Haptic hazard: Analyzing unannounced products

11.05.2015
A new Apple device has been rumored! Who'll be the first to write about how it'll never work!

Ah, ReadWrite's Adriana Lee is this week's Eeyore.

"The Apple TV's Supposed New Touchpad Is A Terrible Idea" (tip o' the antlers to @JonyIveParody)

This is a relief because if there's one thing technology reporting is sadly lacking it's analysis of devices we know nothing about.

Apple's rumored touchpad in its upcoming Apple TV remote control sounds like a horrendous idea.

Well, horrendous ideas are pretty much the company's touchstone. The Macalope believes you've hit the nail on the head.

The Times noted that the original version's minimalistic design, which stripped away every button except for the bare functional necessities, exemplified the company's approach to easy usability.

Sure! Well, unless you have to enter a password. In which case it's like trying to replace an iPhone battery while wearing oven mitts and riding an angry donkey through a ball pit.

Don't ask how the Macalope knows what that's like, he just does, OK

On paper, it makes some sense. In real life Maybe not so much.

How many times can future Apple devices be judged by low information before pundits realize that it's the low information that's the problem, not the device At least infinity more times OK, that's what the Macalope thought. Let us continue to wade through this quicksand of the mind.

We grip the units with one hand, sometimes in the dark. Adding a touchpad or trackpad into that equation sounds like a recipe for frustration.

"I know next to nothing about this device but I do know that I hate it." In fairness, though, it's much better to be prejudiced about things than people. So there is that. The Macalope's not sure why you need to be prejudiced about either, but...

There's also no word on what people are supposed to use touch pad for.

"These rumors are dumb! And incomplete!" It's like that old joke about the food at a restaurant being terrible. And such small portions.

Consider this: When we binge-watch The Unbreakable Kimmy Schmidt or tune into Transparent, we often reach for our remotes quickly and grab without looking.

IT'S A MIR-A-CLE!

Sorry, the horny one just can't read "The Unbreakable Kimmy Schmidt" without breaking into song.

A trackpad on a device that people fumble around with just begs for accidental finger flubs.

Some might say it demands them. Others would say that it bends time backwards and is literally causing you to make them now, months before it ships. Such is the fail power of this not-yet-announced device about which we know nothing.

Then whammo, you're suddenly and inexplicably watching Love, Actually.

The Macalope thinks you're dramatically underestimating his resolve to not watch Love, Actually. Just what do you think the pit of lava and trap door under the Macalope's television are for Surely the sign that reads "Release latch in case of Love, Actually or Big Bang Theory" should have tipped you off.

People who use their iPhones as touch-friendly TV remote controls already know this irritation, and gingerly handle their mobiles accordingly. Apple's new remote might account for that by...

Face it: You don't really know anything about this remote. So why are we going through this exercise Oh, because it might actually be cool when it's unveiled so you have to get your kicks in before then.

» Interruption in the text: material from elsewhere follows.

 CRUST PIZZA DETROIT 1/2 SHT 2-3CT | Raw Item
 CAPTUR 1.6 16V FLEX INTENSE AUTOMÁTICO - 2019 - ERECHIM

But even Logitech, maker of some of the most advanced remote controls on the market, largely bypasses touchpads.

Well, if Logitech can't make it work then...

What we'd wind up with, then, is a single remote that foists no less than three different ways of interacting with the set-top box--via microphone, trackpad or the physical keys.

"I have not seen it. I imagine it will be complicated." That failure of imagination is not Apple's fault.

Sure, Apple might find a way to make its new variation work, but...

If the Macalope had a bale of alfalfa for every time he's read almost that exact same sentence over the years about any number of Apple products...

Oh, man, that would be sweet. Wonder if there's some way to arrange that.

So much for simplicity.

Yes, this exercise in pre-judging a device that's months from shipping is certainly over done and requires an arcane construct of assumptions one must take on virtually no evidence.

Oh, that's not what you were talking about. Oh, right.